- **REQUIRED ACTION**
Once you reach the line containing "Large Billboard for", copy it and every line after it exactly, through the end of the data below.

- **THE DATA**
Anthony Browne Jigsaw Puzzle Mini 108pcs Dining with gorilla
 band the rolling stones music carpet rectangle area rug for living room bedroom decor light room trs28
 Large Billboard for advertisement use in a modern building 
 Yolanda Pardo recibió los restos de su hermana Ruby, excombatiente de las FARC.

- **RESPONSE AREA**
 Large Billboard for advertisement use in a modern building 
 Yolanda Pardo recibió los restos de su hermana Ruby, excombatiente de las FARC.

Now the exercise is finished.